:: Dataset extract ::
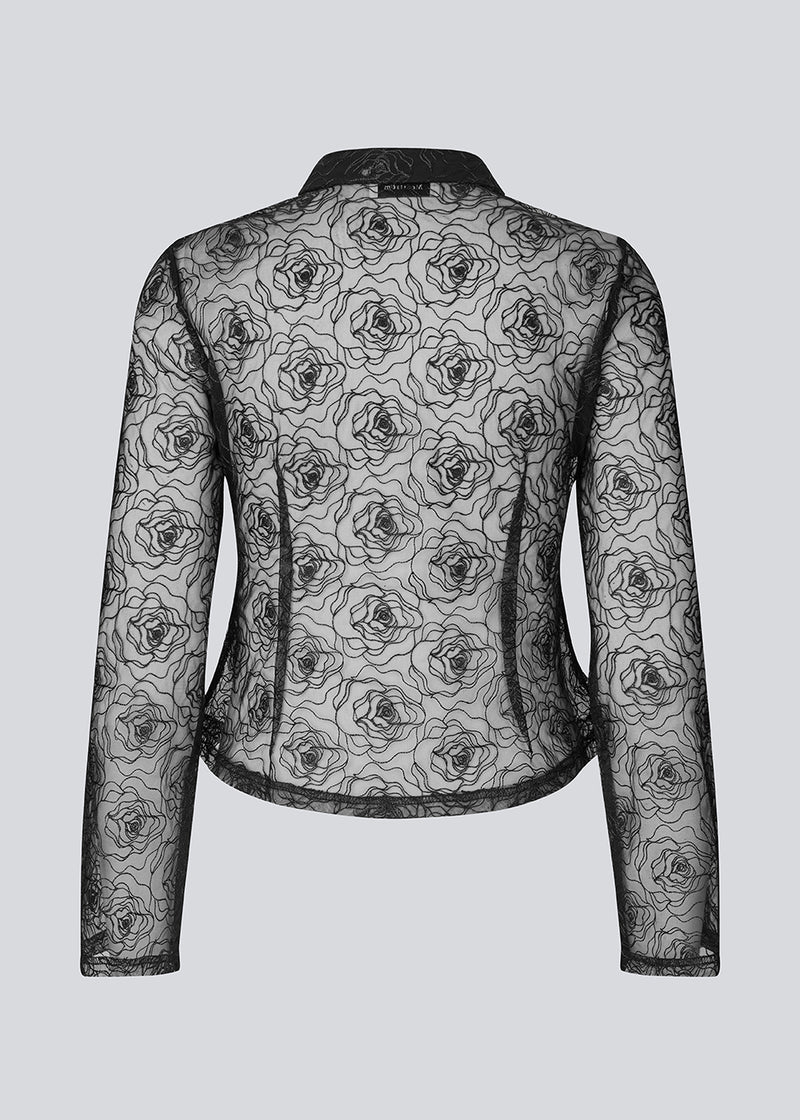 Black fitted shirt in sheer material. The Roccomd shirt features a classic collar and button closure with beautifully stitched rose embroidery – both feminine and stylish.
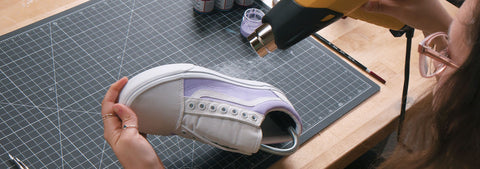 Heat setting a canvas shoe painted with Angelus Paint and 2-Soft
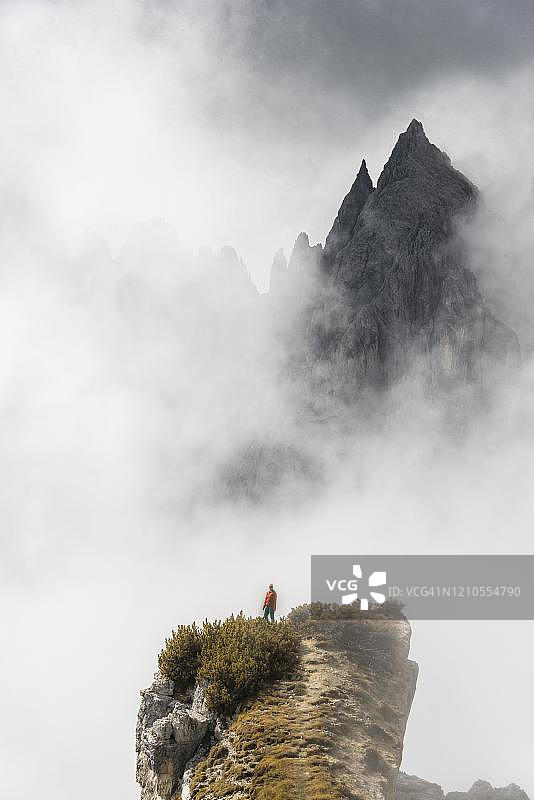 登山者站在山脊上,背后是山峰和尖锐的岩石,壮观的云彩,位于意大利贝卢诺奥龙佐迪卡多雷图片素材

:: What is needed ::
Leave the pictures out and transcribe the remaining material exactly.

:: Answer to this exercise ::
 Black fitted shirt in sheer material. The Roccomd shirt features a classic collar and button closure with beautifully stitched rose embroidery – both feminine and stylish.
 Heat setting a canvas shoe painted with Angelus Paint and 2-Soft
 登山者站在山脊上,背后是山峰和尖锐的岩石,壮观的云彩,位于意大利贝卢诺奥龙佐迪卡多雷图片素材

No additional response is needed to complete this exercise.